The data:
---*---
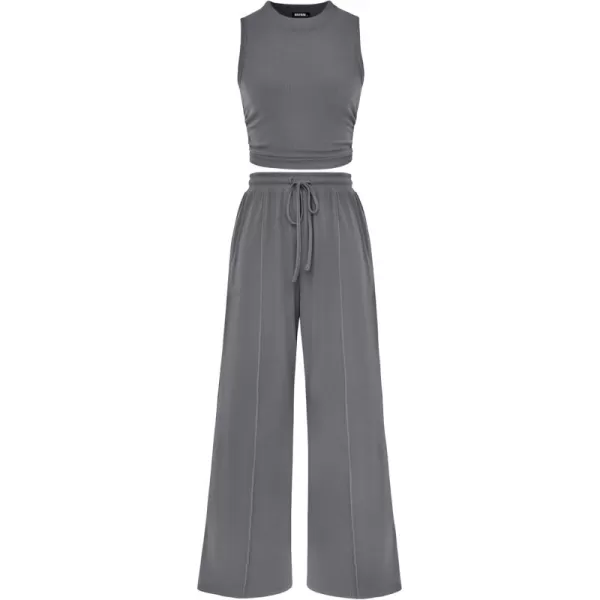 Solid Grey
---*---
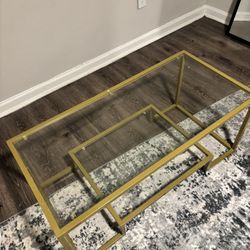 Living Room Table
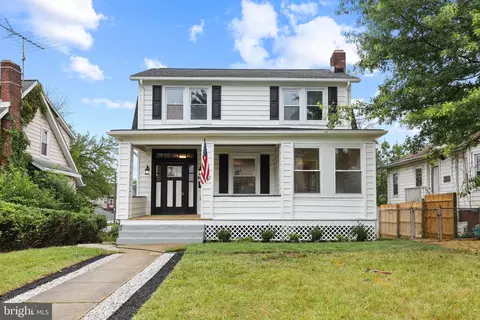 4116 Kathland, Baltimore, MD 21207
---*---
Action item:
Drop the pictures; return the lines above from the line containing "Living Room Table" to the line containing "4116 Kathland, Baltimore, MD 21207", both included, exactly.

Output of the task:
 Living Room Table
 4116 Kathland, Baltimore, MD 21207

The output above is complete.